Serves two, two ways or four one way
This is a wonderful way to enjoy two grand ingredients twice, in short order and in completely different ways. Start with the simply grilled steak and the soft polenta and then, later in the week, serve the leftover beef, reheated with red wine and wild mushrooms, atop grilled slices of the set polenta. Either idea makes a meal for four, obviously. Just double up on the vine tomatoes.
|About 750g bavette steak in one large, thickish piece, or use rib-eye
|2 small vines of cherry or baby plum tomatoes, washed but kept on the vine
|180g instant (precotto) polenta
|Liquid as directed on the packet (typically 4 parts liquid to 1 part grain) made up of 30% full-cream milk and 70% water
|50g aged Gran Padano, pecorino or Parmesan cheese, freshly grated
|Salt and pepper and an optional dash of freshly ground nutmeg
Firstly, lightly oil a rectangular gratin dish. Mine is 23cm long at the top (18cm at the base) x 13cm wide x 5cm deep which is just about right. Set it aside, ready to receive half of the cooked polenta.
Liberally season your meat with salt and pepper, having brushed it with a little oil. Get a char-grill pan very hot, slap on the steak and give it 2 minutes. Flip over and cook for another two minutes. This results in rare-to-medium beef, which I think perfect for this cut.

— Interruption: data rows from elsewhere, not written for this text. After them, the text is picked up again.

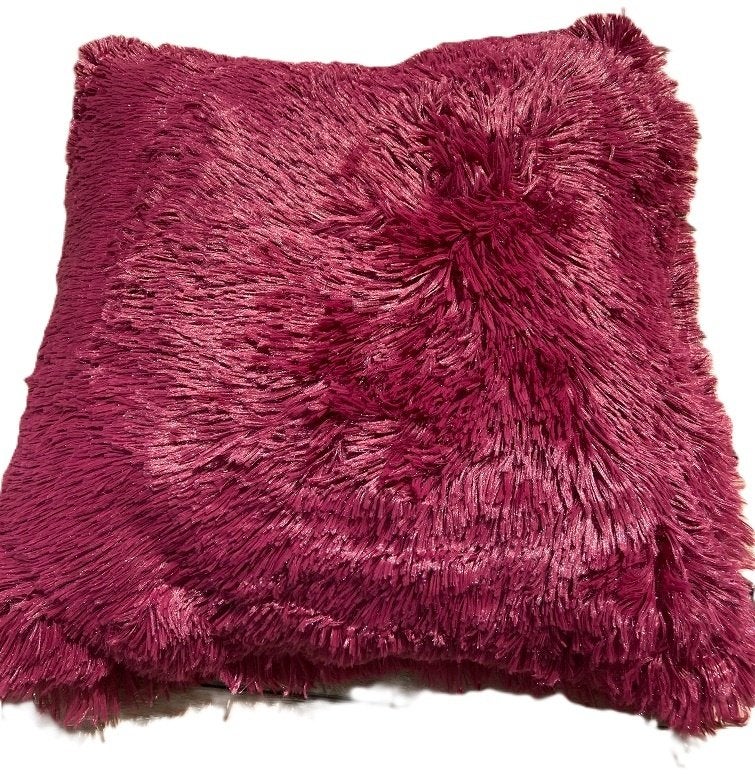 KUSSENHOES LUXE FLUFFY 45X45 CM RED PLUM NIEUW, Ophalen of Verzenden, Nieuw, Rood, Vierkant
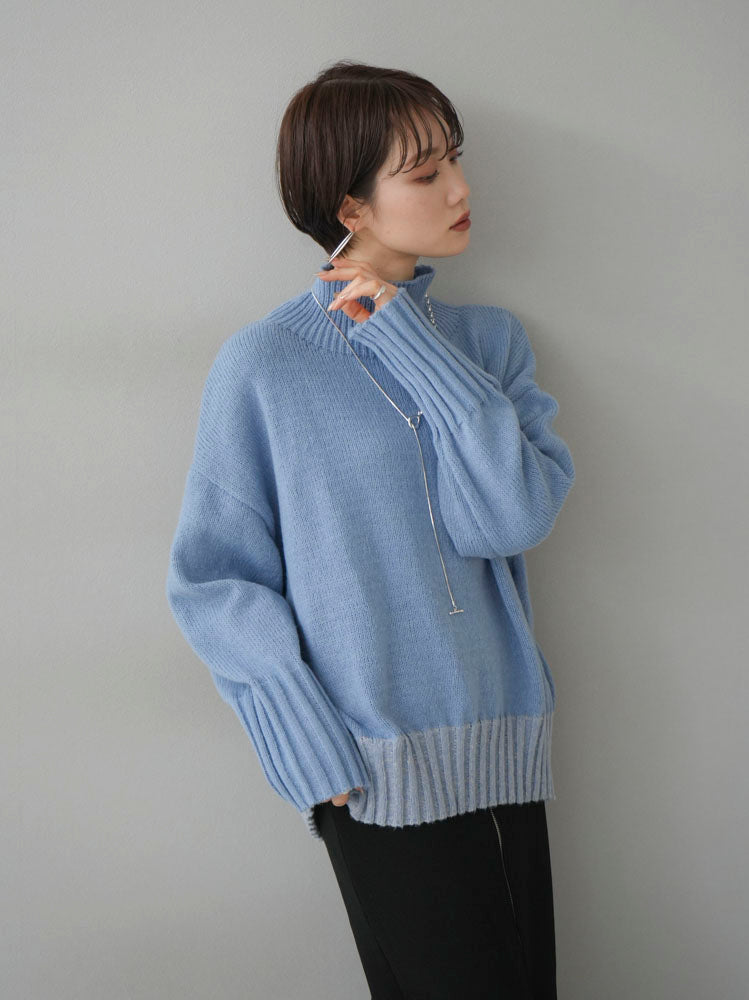 予約]ハイネックバイカラーニットプルオーバー/ブルー – Lumier 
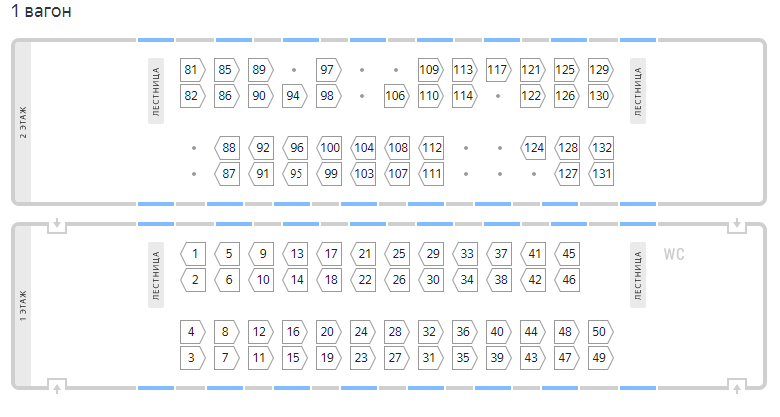 План мест в двухэтажном вагоне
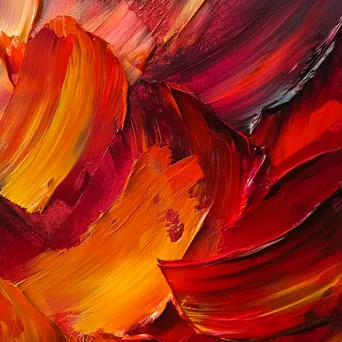 Crimson and orange paint strokes on canvas - Image 3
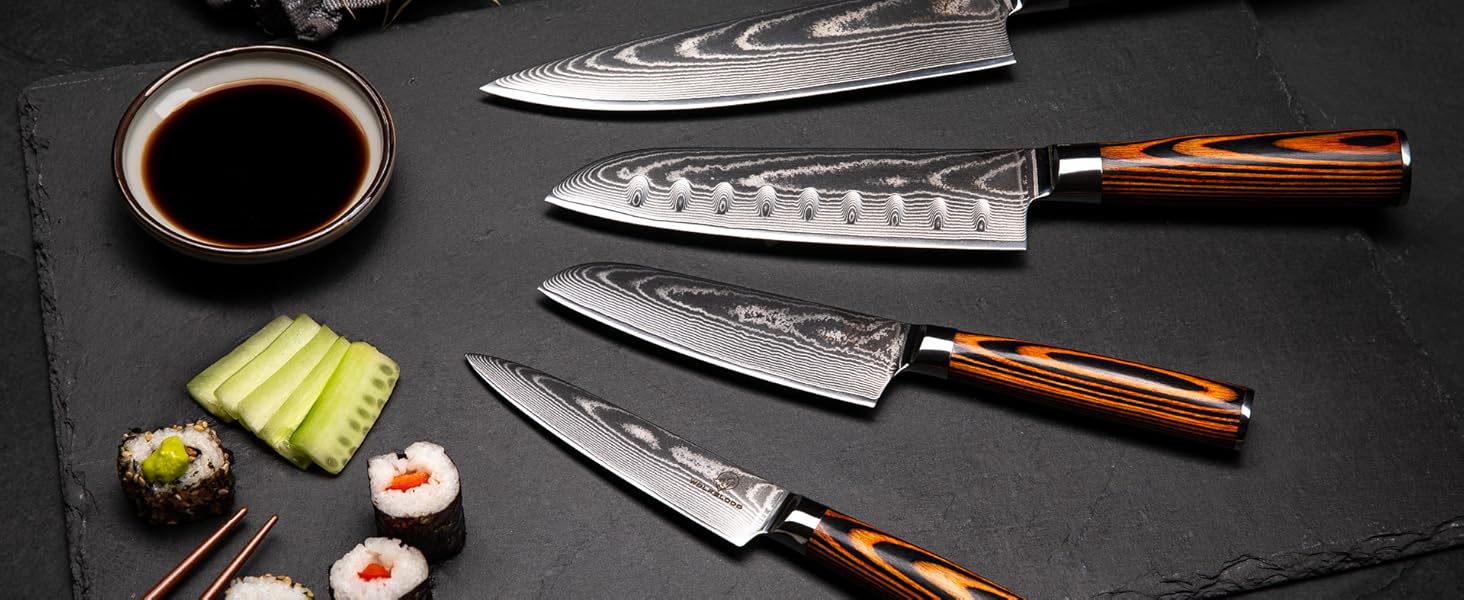 Кухонний ніж Wolfblood PRO Damast XL (33 см) з дамаської сталі 67 шарів, преміум-якість, для професійних кухарів, з дерев'яною ручкою, подарункова коробка, захист леза, сертифікований TÜV, 62 HRC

Wrap the steak tightly in foil and let it rest (this is crucial) on a hot-tray, recently switched-off oven or warmed plate, for up to 10 minutes while you deal with the polenta. If you are using a rib-eye steak, which is more forgiving, cook it to your liking (I allow 3-4 minutes per side) and rest that for 10 minutes too.

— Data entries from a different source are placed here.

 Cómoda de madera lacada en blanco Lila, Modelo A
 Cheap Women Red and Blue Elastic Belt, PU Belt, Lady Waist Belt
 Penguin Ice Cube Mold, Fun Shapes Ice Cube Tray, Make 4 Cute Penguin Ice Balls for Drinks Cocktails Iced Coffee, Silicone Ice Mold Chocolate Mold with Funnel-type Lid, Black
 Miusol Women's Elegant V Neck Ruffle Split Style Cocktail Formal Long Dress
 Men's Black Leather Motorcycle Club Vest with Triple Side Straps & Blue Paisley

Bring your liquid to the boil and season well. Carefully pour in the polenta in a steady stream, whisking like mad to discourage lumps. Cook for 3 minutes or according to the instructions on your packet, stirring gently, until the texture resembles a soft, floppy, golden cream.
Add the butter and cheese and mix well. Season with black pepper. The cheese should take care of the salt.
Now spoon half the mixture into your gratin dish and let it set into a beautifully symmetrical 3D rectangle. Refrigerate it as soon as it's cooled. Meanwhile, cover the pan to keep the rest of the polenta warm.
Brush a non-stick frying pan with a little oil and carefully add the tomatoes on the vine. Let them collapse gently but try to keep them attached to the vine.
Scoop the polenta into two individual serving dishes. Slice the steak thickly, choosing the best middle slices and leaving the ends for Round Two. Arrange on top of the polenta, drizzling the released juices over the top. Finish with a tomato vine per person.
Let both leftover meat and polenta cool completely before storing, tightly covered, in the fridge, along with the set polenta. They will keep for up to 4 days.
For Round Two, cut the leftover bavette into bite-sized pieces and put into an ovenproof dish that comes with a lid. Add a good handful of sautéed field and wild mushrooms (or some rehydrated dried porcini), a tablespoon of concentrated tomato purée and a splash of red wine. Preheat the oven to 190°C/Gas 5 and let the beef mixture heat for 35 minutes, until bubbling merrily.
Just before the beef is ready, turn out the set polenta onto a chopping board. Cut it in half on the diagonal, then in half again for four triangles. Brush them with oil and fry gently in a non-stick pan. You may find that they stick to the bottom at first, so resist the temptation to poke at them or forcibly flip them over. The minute the undersides achieve optimum golden crunch they will release themselves so turn them over only then, and repeat on the other side. You could also do them under the grill, but in pan, lined with foil and brushed with oil, and not on the bars!
Serve the polenta slices topped with the beef, which will be beautifully tender in contrast to the crisp but still unctuous grain.
This is a dish that is happy with just about any substantial red. Given the distinct northern-Italian vibe of the polenta I'd choose a fine Piemontese like GJ Vajra's Nebbiolo Langhe. Having said that, a sweetly fruited red like McManis Family Petite Sirah mops up the richness of the cheese and the mushrooms most efficiently.